Di acara itulah saya ingat pertama kali diperkenalkan dengan Tri Handoko. Kesan pertama kali bertemu Tri Handoko adalah ia sosok yang manis dan mudah dijadikan teman. Saat itu ia masih berdomisili di Bali. Saya diperkenalkan oleh salah satu desainer berbakat lain yang juga berdomisi di Bali, bernama Irsan. Saya kenal Irsan terlebih dahulu. Saat itu Irsan sedang mengeluarkan koleksi yang sangat brilian, ia menciptakan rok yang dikreasikan dari bahan sarung. Potongannya androgini sekali, bisa dikenakan oleh pria dan wanita, tergantung pemadanannya.

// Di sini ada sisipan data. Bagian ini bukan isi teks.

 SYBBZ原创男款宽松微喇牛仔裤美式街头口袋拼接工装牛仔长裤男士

Salah satu orang yang mengenakan koleksi Irsan ini adalah Tri Handoko. Sepertinya Tri Handoko menyadari bahwa saya terkesan sekali dengan apa yang ia kenakan, tetapi tetap berusaha untuk sopan. Tri Handoko bisa membaca mata saya. Tidak lama kemudian, baru belum lama kenal, Tri Handoko memberikan salah satu koleksi sarung Irsan kepada saya. Rasanya gembira sekali.

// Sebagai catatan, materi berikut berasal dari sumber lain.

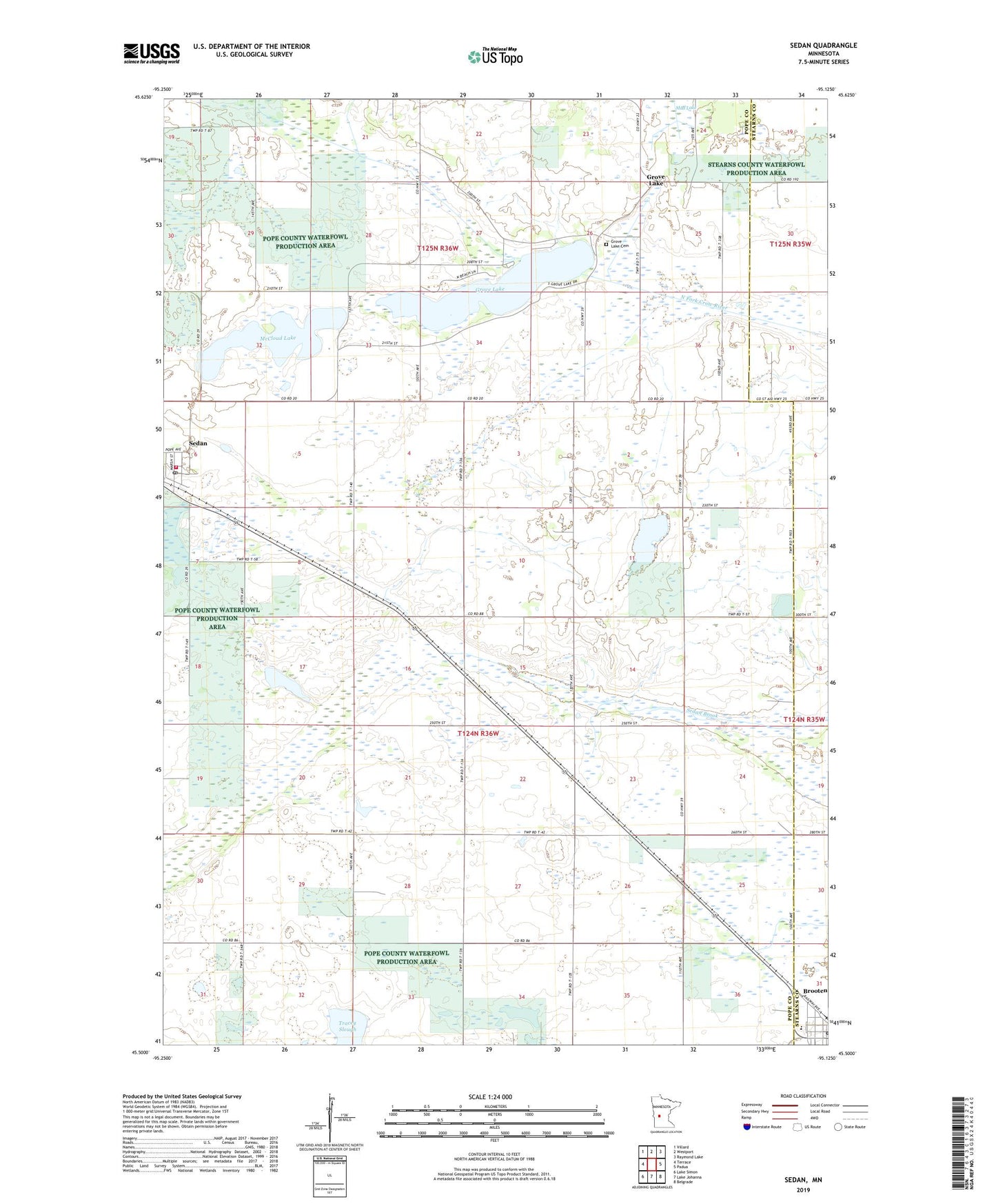 Sedan Minnesota US Topo Map Image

Bayangkan, saya tidak menyangka seseorang yang belum saya kenal akrab bisa sebegitu peka dan perhatian terhadap saya.
Dari situlah persahabatan kita bermulai. Setiap ke Bali, saya berusaha untuk mampir ke rumah Irsan, dan di situ ada Tri Handoko. Dari pertemuan-pertemuan itulah saya mulai mengenal Tri Handoko lebih dalam. Saya menjadi bagian dari orang-orang yang memberikan dukungan kepadanya. Saat ia ingin merencanakan balik ke Jakarta, ia sempat meminta pendapat saya.

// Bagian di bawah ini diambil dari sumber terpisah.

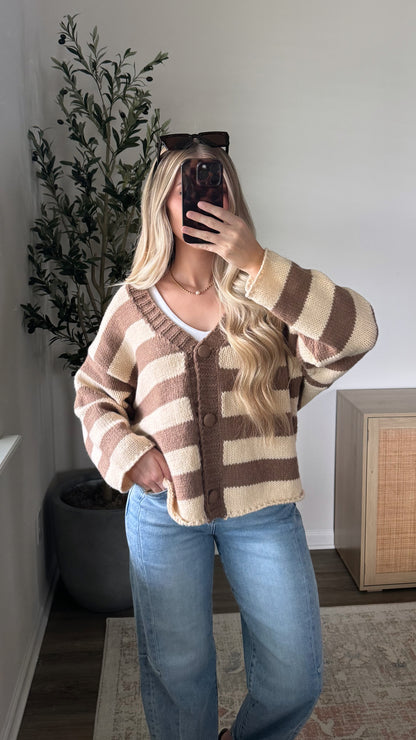 Cora Striped Cardigan / Brown + Tan
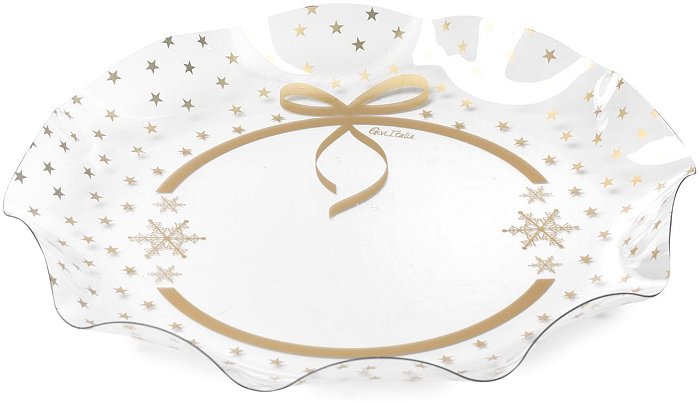Vassoio rotondo in plastica pet Gold Christmas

Sebuah show adalah cara yang yang tepat untuk memperkenalkan Tri Handoko kepada pasar Jakarta. Lalu kami memikirkan show seperti apa yang akan dilaksanakan untuk Tri Handoko. Dengan dana yang terbatas, kami mencarikan cara bagaimana menyelenggarakan show yang bisa diingat oleh para undangan.
***
Film Arisan adalah salah satu momen yang mengubah hidup saya. Sebelumnya tidak pernah terpikir untuk muncul dalam sebuah film. Tetapi saat itu Nia Dinata memberikan saya kesempatan untuk bermain film dan saya menerimanya. Saat itu Arisan ingin dibuat sebagai film yang fashionable, oleh karena itu, saya pun berusaha memperkenalkan beberapa nama yang dapat menjadikan film Arisan semakin fashionable.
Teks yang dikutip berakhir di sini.